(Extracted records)

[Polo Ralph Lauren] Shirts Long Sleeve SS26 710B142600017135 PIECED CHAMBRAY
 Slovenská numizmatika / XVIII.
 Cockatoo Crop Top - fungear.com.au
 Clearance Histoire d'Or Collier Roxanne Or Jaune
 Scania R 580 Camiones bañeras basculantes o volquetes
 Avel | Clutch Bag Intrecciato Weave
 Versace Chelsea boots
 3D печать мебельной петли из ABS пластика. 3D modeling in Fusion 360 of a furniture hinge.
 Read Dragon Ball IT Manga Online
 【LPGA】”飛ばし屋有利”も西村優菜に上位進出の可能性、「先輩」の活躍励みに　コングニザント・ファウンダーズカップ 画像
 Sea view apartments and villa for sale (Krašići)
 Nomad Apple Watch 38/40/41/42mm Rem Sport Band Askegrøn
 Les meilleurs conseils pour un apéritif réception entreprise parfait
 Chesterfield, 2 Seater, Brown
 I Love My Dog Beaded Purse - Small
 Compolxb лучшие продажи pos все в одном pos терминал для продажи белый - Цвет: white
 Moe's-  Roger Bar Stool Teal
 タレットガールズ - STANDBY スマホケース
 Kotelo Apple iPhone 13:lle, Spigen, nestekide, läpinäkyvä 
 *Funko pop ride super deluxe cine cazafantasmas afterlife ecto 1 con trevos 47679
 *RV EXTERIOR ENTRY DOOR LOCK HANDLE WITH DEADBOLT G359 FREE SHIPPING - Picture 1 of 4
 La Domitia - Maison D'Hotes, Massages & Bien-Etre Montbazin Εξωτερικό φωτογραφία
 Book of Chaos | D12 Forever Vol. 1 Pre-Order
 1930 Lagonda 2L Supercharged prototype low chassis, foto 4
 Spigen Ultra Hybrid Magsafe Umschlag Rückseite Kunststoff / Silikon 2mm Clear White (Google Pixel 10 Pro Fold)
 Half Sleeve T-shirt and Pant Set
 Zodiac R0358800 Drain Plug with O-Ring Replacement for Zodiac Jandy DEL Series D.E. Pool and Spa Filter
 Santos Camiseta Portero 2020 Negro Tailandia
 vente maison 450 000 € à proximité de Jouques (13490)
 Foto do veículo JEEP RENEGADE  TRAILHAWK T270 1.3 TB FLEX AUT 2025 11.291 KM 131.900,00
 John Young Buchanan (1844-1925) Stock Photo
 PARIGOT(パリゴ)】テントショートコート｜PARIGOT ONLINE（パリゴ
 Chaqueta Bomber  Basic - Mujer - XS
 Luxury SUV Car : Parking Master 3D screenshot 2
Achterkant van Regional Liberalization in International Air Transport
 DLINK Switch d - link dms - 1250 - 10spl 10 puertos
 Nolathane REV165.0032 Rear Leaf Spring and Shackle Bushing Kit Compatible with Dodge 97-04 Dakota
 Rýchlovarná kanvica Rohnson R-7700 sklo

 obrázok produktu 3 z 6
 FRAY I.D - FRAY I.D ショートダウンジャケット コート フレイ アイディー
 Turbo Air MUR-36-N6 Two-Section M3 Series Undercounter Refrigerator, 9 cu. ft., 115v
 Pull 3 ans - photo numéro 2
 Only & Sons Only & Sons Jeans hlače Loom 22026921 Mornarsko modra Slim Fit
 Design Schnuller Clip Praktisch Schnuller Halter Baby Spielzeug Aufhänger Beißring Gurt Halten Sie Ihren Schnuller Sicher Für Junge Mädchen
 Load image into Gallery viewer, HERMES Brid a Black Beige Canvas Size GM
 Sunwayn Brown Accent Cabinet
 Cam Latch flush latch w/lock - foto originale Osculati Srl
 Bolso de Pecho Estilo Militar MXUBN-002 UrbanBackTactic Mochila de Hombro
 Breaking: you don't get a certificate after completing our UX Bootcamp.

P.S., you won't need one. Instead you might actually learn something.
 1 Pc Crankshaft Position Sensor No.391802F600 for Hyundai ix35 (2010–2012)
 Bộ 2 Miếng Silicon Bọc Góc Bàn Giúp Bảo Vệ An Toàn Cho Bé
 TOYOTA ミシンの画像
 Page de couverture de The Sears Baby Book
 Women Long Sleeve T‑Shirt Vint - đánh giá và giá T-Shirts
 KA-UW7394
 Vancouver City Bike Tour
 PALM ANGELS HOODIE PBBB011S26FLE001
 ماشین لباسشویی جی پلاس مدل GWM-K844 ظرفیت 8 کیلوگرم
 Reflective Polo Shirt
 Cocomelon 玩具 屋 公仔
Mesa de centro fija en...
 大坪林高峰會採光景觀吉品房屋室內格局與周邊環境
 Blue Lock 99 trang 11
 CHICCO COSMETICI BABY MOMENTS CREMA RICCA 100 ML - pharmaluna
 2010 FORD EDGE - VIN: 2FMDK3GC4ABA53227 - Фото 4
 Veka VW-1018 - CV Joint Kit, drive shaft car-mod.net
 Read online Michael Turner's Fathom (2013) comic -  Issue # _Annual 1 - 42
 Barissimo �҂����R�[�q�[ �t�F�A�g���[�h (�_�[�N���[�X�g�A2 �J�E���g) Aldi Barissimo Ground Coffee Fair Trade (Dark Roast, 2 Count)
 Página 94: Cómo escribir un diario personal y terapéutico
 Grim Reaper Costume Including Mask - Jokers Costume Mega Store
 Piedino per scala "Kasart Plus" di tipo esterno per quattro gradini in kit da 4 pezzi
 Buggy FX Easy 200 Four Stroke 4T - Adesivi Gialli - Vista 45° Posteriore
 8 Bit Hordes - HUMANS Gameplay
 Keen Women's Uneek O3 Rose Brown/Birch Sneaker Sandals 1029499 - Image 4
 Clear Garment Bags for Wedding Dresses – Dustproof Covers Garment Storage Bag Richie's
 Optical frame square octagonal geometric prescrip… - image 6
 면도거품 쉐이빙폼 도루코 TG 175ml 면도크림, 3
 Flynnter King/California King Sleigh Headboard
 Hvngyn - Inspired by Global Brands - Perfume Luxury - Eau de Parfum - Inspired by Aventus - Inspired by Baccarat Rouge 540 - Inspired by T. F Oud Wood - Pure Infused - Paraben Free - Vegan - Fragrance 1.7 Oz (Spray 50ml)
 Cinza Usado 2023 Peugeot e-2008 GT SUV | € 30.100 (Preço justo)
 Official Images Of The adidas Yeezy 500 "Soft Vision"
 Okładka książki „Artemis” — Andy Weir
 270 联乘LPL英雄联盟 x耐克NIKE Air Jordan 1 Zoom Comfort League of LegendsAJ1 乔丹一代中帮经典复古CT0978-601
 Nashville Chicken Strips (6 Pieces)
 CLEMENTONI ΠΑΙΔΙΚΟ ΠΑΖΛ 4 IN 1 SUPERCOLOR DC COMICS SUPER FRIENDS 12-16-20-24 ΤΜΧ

- **What to do**
Set down exactly the lines of the data above, beginning with the line that has "Versace Chelsea boots" and ending with the line that has "Les meilleurs conseils", and no others.

- **Answer box**
 Versace Chelsea boots
 3D печать мебельной петли из ABS пластика. 3D modeling in Fusion 360 of a furniture hinge.
 Read Dragon Ball IT Manga Online
 【LPGA】”飛ばし屋有利”も西村優菜に上位進出の可能性、「先輩」の活躍励みに　コングニザント・ファウンダーズカップ 画像
 Sea view apartments and villa for sale (Krašići)
 Nomad Apple Watch 38/40/41/42mm Rem Sport Band Askegrøn
 Les meilleurs conseils pour un apéritif réception entreprise parfait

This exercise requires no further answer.